Liver free radical spectrometer (n = 15 for each group). A The ESR spectrum of manganese standard. B The ESR spectrum of control group. C The ESR spectrum of SAP group. D The ESR spectrum of Zn-treated group
Kidney free radical spectrometer (n = 15 for each group). A The ESR spectrum of manganese standard. B The ESR spectrum of control group. C The ESR spectrum of SAP group. D The ESR spectrum of Zn-treated group
Discussion
SAP is an acute abdominal ailment with a high mortality rate, characterized by local inflammation and necrosis of the pancreatic tissue, but frequently affects extrapancreatic tissues leading to SIRS and other complications [16].
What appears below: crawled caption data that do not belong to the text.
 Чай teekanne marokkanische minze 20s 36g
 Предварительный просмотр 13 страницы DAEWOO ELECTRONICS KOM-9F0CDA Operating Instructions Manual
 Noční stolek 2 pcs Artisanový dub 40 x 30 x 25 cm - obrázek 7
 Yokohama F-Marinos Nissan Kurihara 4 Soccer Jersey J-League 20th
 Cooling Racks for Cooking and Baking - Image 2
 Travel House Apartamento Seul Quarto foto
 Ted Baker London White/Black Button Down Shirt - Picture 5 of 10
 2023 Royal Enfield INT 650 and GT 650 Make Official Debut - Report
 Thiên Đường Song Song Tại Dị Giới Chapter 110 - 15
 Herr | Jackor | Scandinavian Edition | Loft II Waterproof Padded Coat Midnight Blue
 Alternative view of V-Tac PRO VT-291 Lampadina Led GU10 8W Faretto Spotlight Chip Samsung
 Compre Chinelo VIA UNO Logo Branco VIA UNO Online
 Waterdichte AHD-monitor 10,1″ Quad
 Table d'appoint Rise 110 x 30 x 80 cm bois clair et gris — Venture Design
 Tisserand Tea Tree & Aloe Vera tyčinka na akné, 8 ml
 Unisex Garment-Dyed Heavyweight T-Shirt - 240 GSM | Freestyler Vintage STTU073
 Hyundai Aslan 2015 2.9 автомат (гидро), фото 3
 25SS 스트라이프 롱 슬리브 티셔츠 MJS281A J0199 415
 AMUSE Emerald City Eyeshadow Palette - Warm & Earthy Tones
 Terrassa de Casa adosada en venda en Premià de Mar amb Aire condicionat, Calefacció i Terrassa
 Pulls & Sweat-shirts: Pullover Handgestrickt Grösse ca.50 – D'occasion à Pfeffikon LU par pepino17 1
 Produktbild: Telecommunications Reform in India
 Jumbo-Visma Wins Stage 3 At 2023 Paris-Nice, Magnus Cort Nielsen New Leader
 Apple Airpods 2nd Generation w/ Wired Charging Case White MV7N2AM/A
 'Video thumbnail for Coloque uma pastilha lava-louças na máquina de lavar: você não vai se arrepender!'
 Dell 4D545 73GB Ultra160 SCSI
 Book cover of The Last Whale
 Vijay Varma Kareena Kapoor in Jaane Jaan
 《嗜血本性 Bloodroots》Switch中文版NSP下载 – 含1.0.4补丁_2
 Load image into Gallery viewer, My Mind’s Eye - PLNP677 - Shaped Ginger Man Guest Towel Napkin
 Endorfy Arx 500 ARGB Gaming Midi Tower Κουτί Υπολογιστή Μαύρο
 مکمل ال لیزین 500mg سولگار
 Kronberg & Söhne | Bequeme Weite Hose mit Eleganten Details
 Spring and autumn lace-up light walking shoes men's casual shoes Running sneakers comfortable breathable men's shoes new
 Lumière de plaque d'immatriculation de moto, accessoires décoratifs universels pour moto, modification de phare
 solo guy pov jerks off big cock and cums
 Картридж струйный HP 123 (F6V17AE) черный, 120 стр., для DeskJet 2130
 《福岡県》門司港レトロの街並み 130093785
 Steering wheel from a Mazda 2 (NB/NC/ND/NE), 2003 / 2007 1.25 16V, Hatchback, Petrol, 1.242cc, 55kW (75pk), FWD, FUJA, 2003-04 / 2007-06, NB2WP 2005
Oxygen-derived free radicals have been reported to play an important role in the pathogenesis of severe acute pancreatitis [17]. The normal cellular metabolism produces highly reactive free radicals—superoxide anion (O2−), hydrogen peroxide (H2O2), and hydroxyl radical (OH·). These radicals are generally eliminated by antioxidant enzymes such as SOD, catalase, and GSH-Px. If the production of oxygen radicals exceeds the scavenging capacity of these enzymes, oxidative stress will develop. The excessive free radicals generated in the body during SAP may cause the accumulation of MDA, a lipid-oxidative product [18].
Zn is essential for cellular activities such as cellular division, DNA replication, and RNA and protein synthesis, as well as fatty acid metabolism. Zn supplementation seems to increase the survival of mice with acute pancreatitis [19]. It may play an important role in the pathophysiology of acute pancreatitis. Cu, Zn-SOD, and metallothionein, as ligand of metal ions such as Cu and Zn, are considered as free radical scavengers. In the previous study, the level of Zn, copper, chromium, and manganese in the SAP group was found to be lower than that in the controlled group [12]. The findings implicate Zn metabolism in the pancreas in the etiology and pathology of severe acute pancreatitis.
Antioxidant enzyme system inherent in the cellular defense system is the most important defense mechanism against reactive oxygen species (ROS) [20, 21]. GSH-Px and SOD act as antioxidants and have preventive effect against extensive production of ROS by severe acute pancreatitis [22]. In the current study, SOD and GSH-Px values were decreased by severe acute pancreatitis, although the enzyme activities were increased by Zn supplementation. These results are supported by a study that reported on the supplementation of Zn-protected cells exposed to pancreatitis-induced oxidative stress in the blood of human, possibly by affecting the lifetime of the ROS [23].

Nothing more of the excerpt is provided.